Clause 11: Transfer of Partnership Interest
Specify whether a partner can transfer their economic interest to a third party and under what conditions. Most LLP Agreements include a right of first refusal clause, allowing existing partners to purchase the transferring partner's interest at the same price before it is offered to outsiders. Define the valuation methodology (book value, fair market value, or a pre-agreed formula), the transfer process, and any restrictions on transfer to competitors.
Clause 12: Non-Compete and Confidentiality
Include restrictions on partners engaging in competing businesses during the term of the partnership and for a reasonable period after exit. Under Indian law, non-compete restrictions during the partnership term are generally enforceable, but post-exit restrictions must be reasonable in duration (1 to 2 years), geography, and scope to be upheld by courts. The confidentiality clause should protect trade secrets, client lists, pricing strategies, and proprietary business processes.
Clause 13: Dispute Resolution
Establish a structured dispute resolution mechanism with escalating steps: internal negotiation within 15 to 30 days, followed by mediation by a mutually agreed mediator within 30 days, and finally arbitration under the Arbitration and Conciliation Act, 1996. Specify the seat of arbitration (usually the city of the registered office), the language of proceedings, and the number of arbitrators. This clause significantly reduces costs and time compared to court litigation.
Clause 14: Winding Up and Dissolution
Define the circumstances under which the LLP can be wound up: mutual agreement of partners, inability to pay debts, by order of the National Company Law Tribunal (NCLT) under Section 64 of the LLP Act, or any other ground specified in the agreement. Detail the process for settling liabilities, distributing remaining assets among partners, and completing MCA filings for dissolution. Specify the priority of payments during winding up.

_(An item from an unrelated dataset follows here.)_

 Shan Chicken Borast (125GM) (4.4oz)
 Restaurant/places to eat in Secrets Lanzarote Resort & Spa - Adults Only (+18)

Clause 15: Amendment Procedure
State how the LLP Agreement can be amended. Specify the majority required for amendments (typically two-thirds or three-fourths by value of contribution), the notice period for proposing amendments, and the documentation process. Every amendment requires a Supplementary LLP Agreement on stamp paper, filed with MCA via LLP Form 3 within 30 days. This clause ensures the agreement remains a living document that can evolve with the business.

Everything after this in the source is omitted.